Return, word for word, the lines of the listing below from the one with "Robe Midi En" through the one with "EMERY ROSE Women's", and no other lines.

*** Excerpted data Section Begins ***

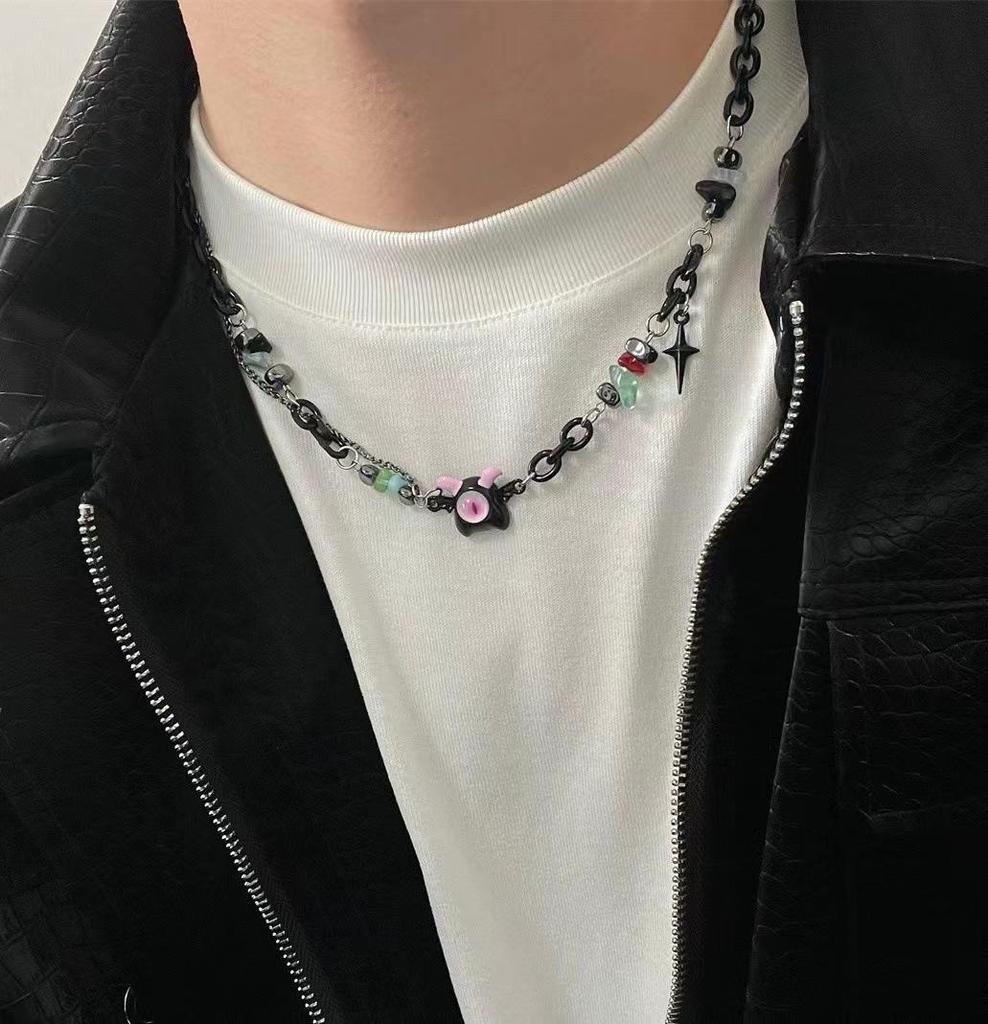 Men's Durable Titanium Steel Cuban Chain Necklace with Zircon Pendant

*** Excerpted data Section Ends ***
*** Excerpted data Section Begins ***

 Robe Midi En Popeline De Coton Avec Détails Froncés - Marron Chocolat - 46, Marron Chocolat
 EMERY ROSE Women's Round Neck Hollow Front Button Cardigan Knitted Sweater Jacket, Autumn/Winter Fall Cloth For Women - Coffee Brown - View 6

*** Excerpted data Section Ends ***
*** Excerpted data Section Begins ***

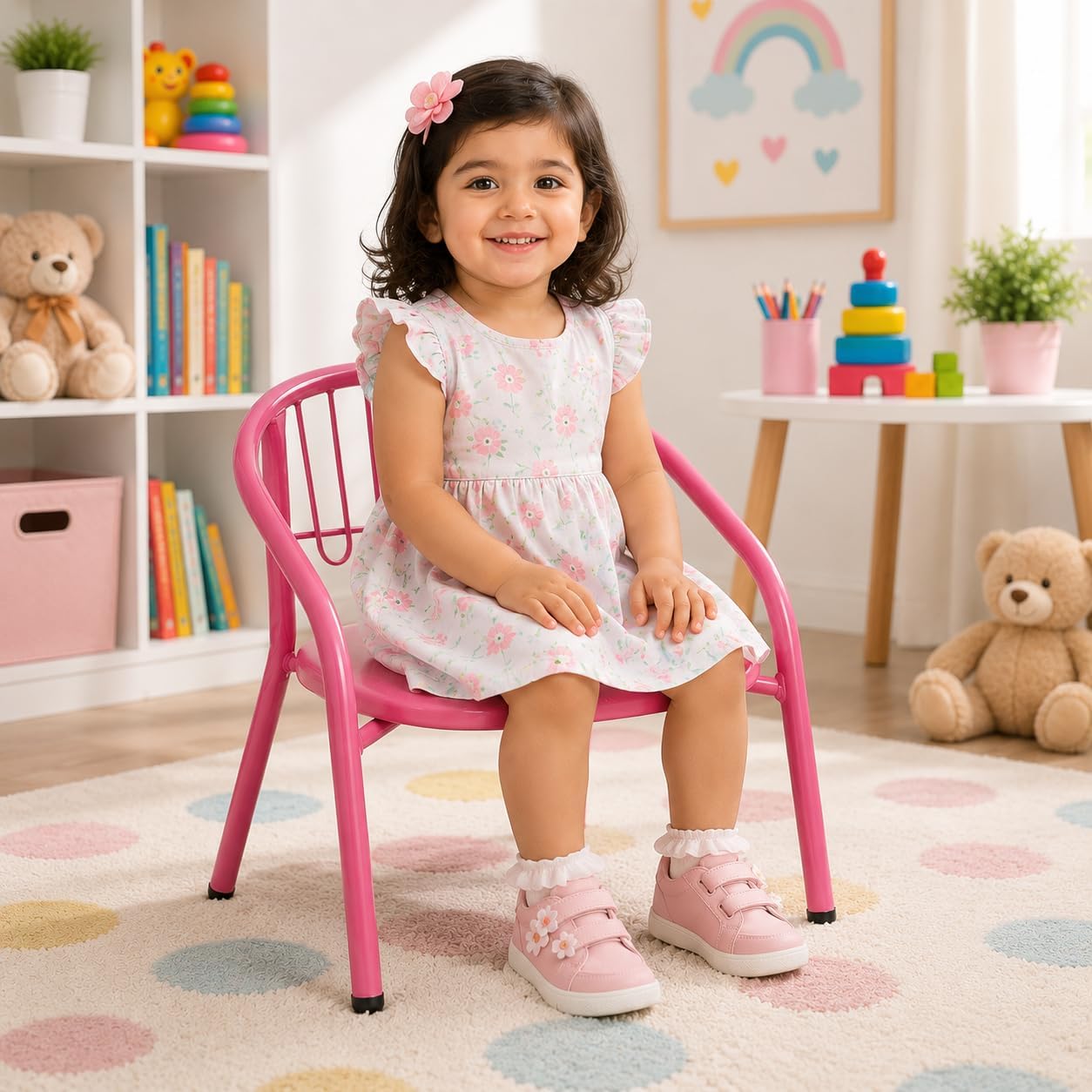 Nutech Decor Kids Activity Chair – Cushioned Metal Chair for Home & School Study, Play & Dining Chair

*** Excerpted data Section Ends ***

### Answer for this exercise:
 Robe Midi En Popeline De Coton Avec Détails Froncés - Marron Chocolat - 46, Marron Chocolat
 EMERY ROSE Women's Round Neck Hollow Front Button Cardigan Knitted Sweater Jacket, Autumn/Winter Fall Cloth For Women - Coffee Brown - View 6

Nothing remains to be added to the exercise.